The spectacles of violence against people of color, acts of xenophobia, and patterns of persistent racial inequalities (of housing, health care, and education) across the United States remind us that earlier celebrations of an American “post-racial” society were strikingly premature. Political rhetoric and policies of the last few years, in fact, point to a rapid return to racial incivility. But what does a “post-racial” or “racially liberal” society mean, and why are these our chief ways of imagining a socially just society?
This honors seminar will explore the various ways that conceptions of race have organized and shaped modern American society into the twenty-first century. This exploration requires posing several other key questions: If race is a social construction, what exactly does that mean? How do specific conceptions of race predominate, and how do they change over time? What does racial difference mean in our current post-9/11 Trumpian moment? How do we define and identify racism, and how do we then combat it?

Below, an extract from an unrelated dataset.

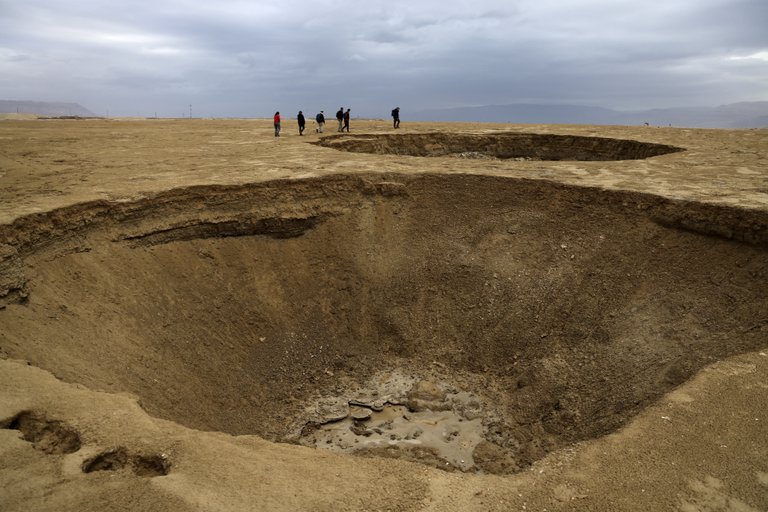El mar Muerto se encoge y deja al descubierto miles de misteriosos cráteres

We will approach these questions from a variety of angles: legal studies, history, literature, film, cultural studies, sociology, and geography. This course asks students to think about race as a changing cluster of ideas and a range of practices that form one of our defining categories of difference. That approach involves an accounting of social power that, on one level, seems baldly apparent, and yet, in other ways, often remains unspoken, invisible, or stubbornly hard to pin down. Part of what has made race so slippery is the popular and legal adoption of colorblindness—the attempt to not recognize race—as a way to address racial disparities. But its controversial roots and assumptions provide us with reason to scrutinize this approach that continues to define our contemporary moment. We will, thus, pay particular attention to colorblindness and its role in the formation and reformation of American culture.
About Professor Robolin
Stéphane Robolin is an associate professor of English and director of the Center for African Studies. He is the author of Grounds of Engagement: Apartheid-Era African American and South African Writing (2015). He studies post-colonial African literature, African American literature, critical race theory, and spatial theory.